The third question “ Where did the properties used for each material come from?" 

My reply is that the material parameters are obtained through indoor soil test and other indoor tests, including density test, water content test, compaction test, triaxial test, consolidation compression test, direct shear test, tensile test of geogrid, etc..

The fourth question “ How was the contact modeled? Friction-penalty for tangential behavior? Normal-hard contact? What about the EPS contact? And the contact between geogrid and the rest? This need to be clear in the paper." 

My reply is that we have added some descriptions in the paper. Here is a comprehensive answer to the above questions. In the calculation of abutment, there are several typical contact problems, including the contact between abutment back and backfill, the contact between abutment back and soil foundation, the contact between filler and soil foundation, the contact between EPS and abutment back and filler, and the contact between reinforcement and filler. In ABAQUS, * Contact Pair is used to simulate the face to face contact, which can take into account the extrusion, shear and displacement in the corresponding direction during the interaction between faces, and simulate the separation between faces. In order to avoid the transition between contact surfaces and the transition of nodes on the slave surface into the master surface, ABAQUS has set the parameter adjust to adjust the Overclosed Nodes. ABAQUS surface to surface contact is based on Coulomb friction theory with friction coefficient μ To represent the friction behavior between surfaces. When the contact shear stress is equal to or greater than the limit friction force μP, sliding occurs between contact surfaces. It is difficult to simulate the ideal friction behavior. ABAQUS uses the dotted line of the penalty friction formula of "elastic sliding" to approximate, and ABAQUS automatically selects the penalty stiffness (the slope of the dotted line).

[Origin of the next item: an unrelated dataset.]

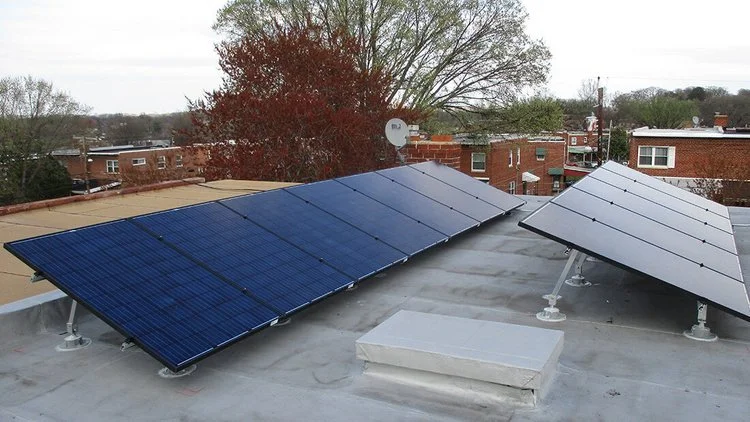 Solar panels installed on a flat rooftop with trees and buildings in the background.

The fifth question “For the 3D model (pile-supported), how were the boundary effects studied? Was this the optimal model size?" 

My reply is that when the large finite element program ABAQUS is used to calculate the two types of abutments, the plane strain analysis model is established, and the 3D model (pile-supported) is cancelled, which is because the two-dimensional model has met the requirements of calculation.

The sixth question “Apparently, there are no "pile" elements in Abaqus. This should be clarified."  My reply is that we have added pile elements in Abaqus for Fig.5.

 

[Comment 5] Analysis of centrifugal model test results and simulation results

- Figures comparing numerical and experimental results need to have the same scales; x,y ranges and tick marks.

- Are not GA1st and GA2rd (which should be GA2nd), changed? The funnel-shaped curve would be GA1st, no?

- How were these inclinations calculated for 4.1?

- It should probably be GA3rd instead of GA3th.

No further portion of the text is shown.